State Space in the Graph Example

Nodes as States:
- Each node in the graph represents a unique state in the state space.
- For instance, nodes 1, 2, 3, etc., are different states.
Edges as Transitions:
- Each edge between nodes represents a transition or action that can be taken to move from one state to another.
- The cost associated with each edge is like the “effort” or “cost” required to transition between these states.
Initial State:
- This is the starting node from where the search begins. In your example, if the start is node 1, then node 1 is the initial state.
Goal State:
- This is the target node that you want to reach. For example, if you want to reach node 8, then node 8 is the goal state.
Neighbors:
- The neighboring nodes of a current node represent the possible states that can be reached directly from the current state by following the edges.
- For instance, from node 1, you can move to nodes 2 and 4 with respective edge costs of 2 and 6. These nodes are neighbors in the state space of node 1.

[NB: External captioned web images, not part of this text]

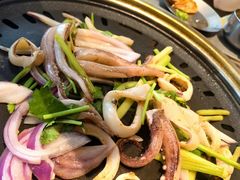 -杨小佳·齐齐哈尔烤肉·烤串(广州店)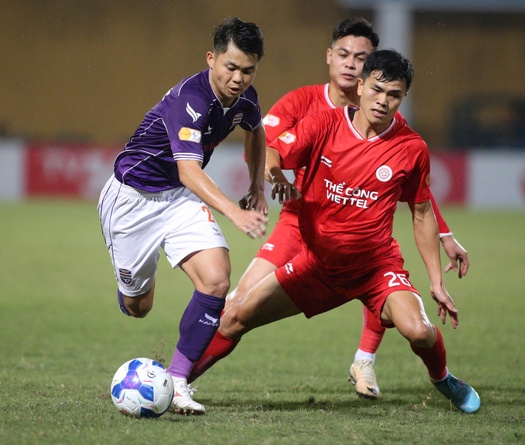 7 cầu thủ bị treo giò ở V.League: CLB nào thiệt nhất?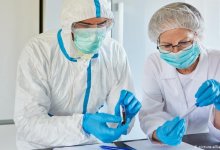 Ученые выяснили, какой тип людей переносит коронавирус тяжелее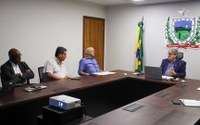 Em reunião com João Azevêdo, Banco Mundial enaltece atuação do governo na implantação do Programa Paraíba Rural Sustentável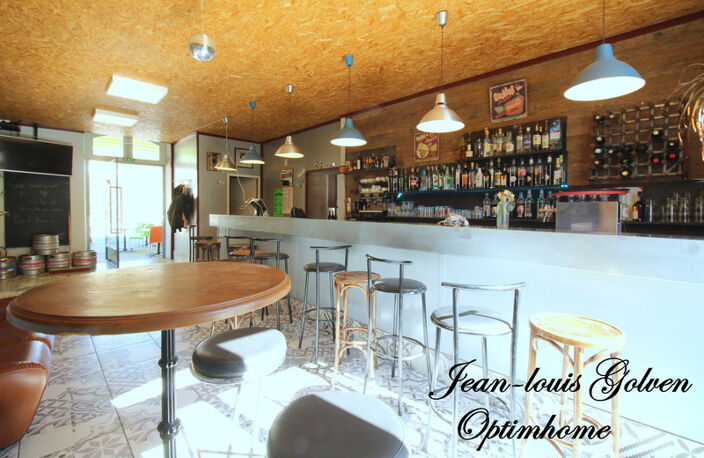 Immeuble à vendre TOURNEMIRE (12) — photo 5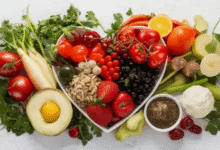 Photo of डाइट में शामिल करें नाइट्रेट से भरपूर ये 10 सब्जियां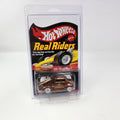 50s Chevy Truck Series 6 * Hot Wheels Red Line Club RLC Real Riders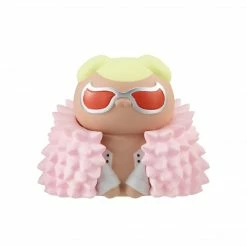 Figures One Piece - NyanPieceNyan! Ver. Luffy With Rivals - Megahouse Mega Cat Project Blind Box Mini Figure [Pre-order]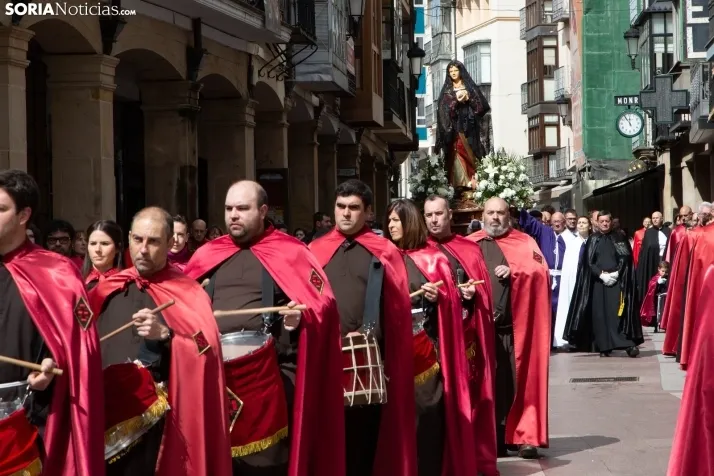 El Encuentro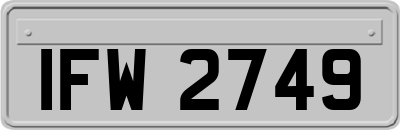 IFW2749
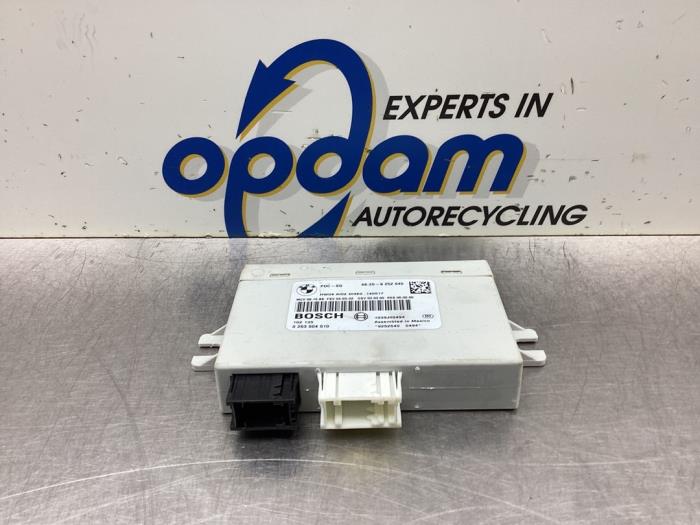 Gebruikte Module PDC Mini Countryman (R60) 1.6 16V Cooper S Prijs € 68,00 Margeregeling aangeboden door Gebr Opdam B.V.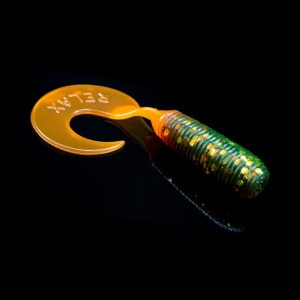 Relax TWISTER VR sorozat 2" 5cm TS569 8db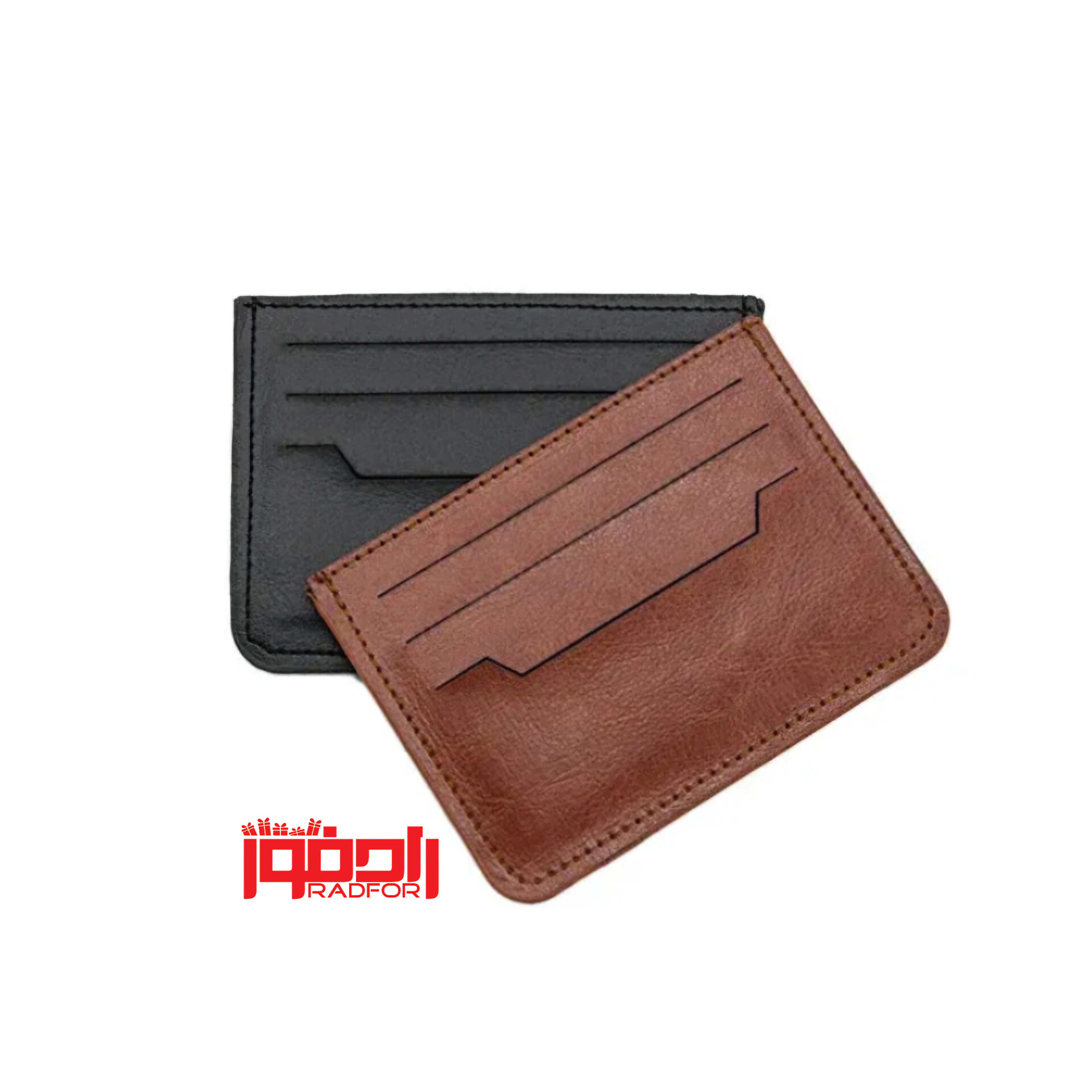 جای کارت ویزیت چرم G34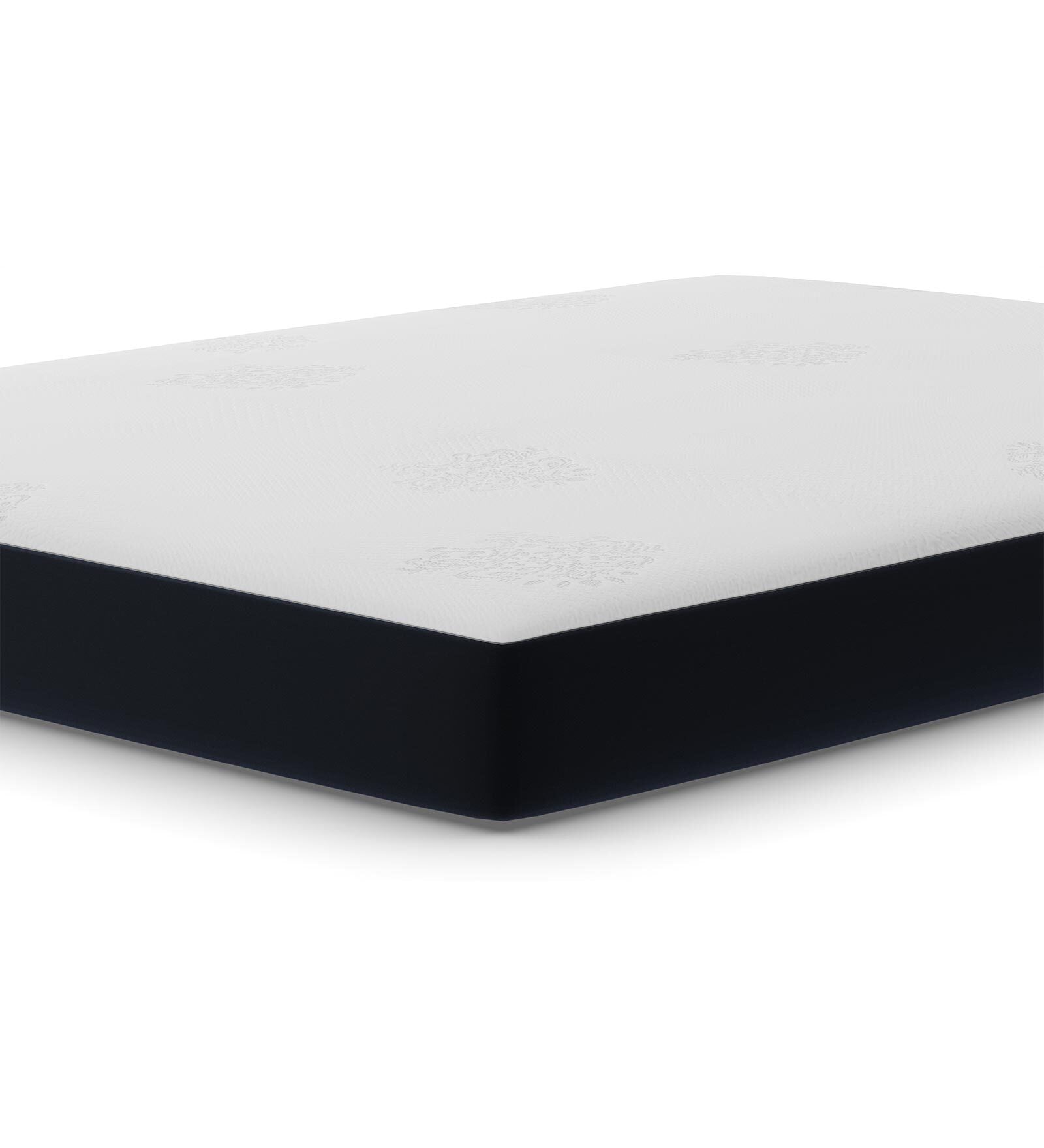 Comfy 6 Inch Memory Foam King Size Mattress - Febonic Living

Let our objective function here be the total cost function (edge cost.)

Start node: 1 Goal Node: 8

Select 1
Push 1 -> [1]
 
Expand node 1 -> Neighbours ((2, edge cost = 2), (4, edge cost = 6))
Select node 2, push node 2 -> [1,2]
 
Expand node 2 -> Neighbours ((5, edge cost = 10), (8, edge cost = 7), (3, edge cost = 9))
 
Goal node detected: Node 8, edge cost = 7, which is also the lowest among the other neighbours.
Push 8 -> [1, 2, 8]

With respect to state space:

Example of State Space Exploration in Hill Climbing

Initial State: Let’s start at node 1.
- Current state: 1
- Neighbors: 2 (cost 2), 4 (cost 6).
Next State Selection:
- Hill Climbing selects the neighbor with the least cost (or best heuristic).
- Choose 2 (cost 2).
New Current State: Node 2
- Current state: 2
- Neighbors: 5 (cost 10), 8 (cost 7), 3 (cost 9).
Next State Selection:
- The goal node 8 is detected with a cost of 7.
- Move to node 8 as it represents the goal state in the state space.
Final Path:
- The final path is [1 -> 2 -> 8] with a total cost of 9.

Final traversal sequence: [1 -> 2 -> 8]

Total cost incurred = 0 + 2 + 7 = 9

Steepest Hill climbing algorithm.

The Steepest Hill Climbing algorithm (aka Steepest-Ascent Hill Climbing Algorithm) is a variation of the hill climbing algorithm that evaluates all neighboring states and selects the one with the highest improvement (steepest ascent) over the current state. It ensures that each move is the most optimal among all possible moves from the current state.

Key Characteristics:

Evaluates All Neighbors: Unlike the basic hill climbing algorithm that evaluates one neighbor at a time, steepest-ascent evaluates all possible neighboring states.
Selects the Best Move: Moves to the neighbor with the highest value (steepest increase in the objective function).
Prevents Some Local Maxima: While it can still get stuck in local maxima, it tends to reach better solutions than simple hill climbing.

How It Works:

Start: Begin at an initial state (current state).
Generate Neighbors: Generate all possible neighboring states.
Evaluate Neighbors: Evaluate all neighbors and select the one with the highest value.
Move to the Best Neighbor: Move to the neighbor with the highest value.
Repeat: Repeat steps 2-4 until no better neighbors exist (local maximum).

Example:

Using the same graph:

flowchart TD;
	6 <-- 8 --> 5;
	5 <-- 3 --> 7;
	5 <-- 10 --> 2;
	2 <-- 7 --> 8;
	2 <-- 2 --> 1;
	2 <-- 9 --> 3;
	1 <-- 6 --> 4;
	3 <-- 5 --> 4;
	3 <-- 1 --> 10;
	3 <-- 4 --> 9;

Let’s take the same start node and goal node:

Start node: 1 Goal node: 8

Step-by-Step:

Start at Node 1:
- Path: [1]
- Current Cost: 0
Generate Neighbors of Node 1:
- Neighbors: (2, edge cost = 2), (4, edge cost = 6)
- Evaluate all neighbors: choose node 2 (lower edge cost of 2).
- Path: [1, 2]
- Current Cost: 0 + 2 = 2
Generate Neighbors of Node 2:
- Neighbors: (5, edge cost = 10), (8, edge cost = 7), (3, edge cost = 9)
- Evaluate all neighbors: choose node 8 (goal node) with the lowest edge cost of 7.
- Path: [1, 2, 8]
- Current Cost: 0 + 2 + 7 = 9
Goal Reached:
- Node 8 is the goal node, so the algorithm terminates.

Final Path:

Traversal Sequence: [1 -> 2 -> 8]
Total Cost: 9

Comparison to Simple Hill Climbing

Both algorithms resulted in the same path in this case because the best path was directly available.
Steepest-Ascent Hill Climbing always evaluates all neighbors at each step to make the optimal choice.

Stochastic Hill Climbing

Stochastic Hill Climbing is a variant of the basic hill climbing algorithm where instead of deterministically choosing the best neighbor, a random neighbor is chosen at each step. This introduces randomness into the process, allowing the algorithm to potentially escape local maxima and explore a broader area of the state space.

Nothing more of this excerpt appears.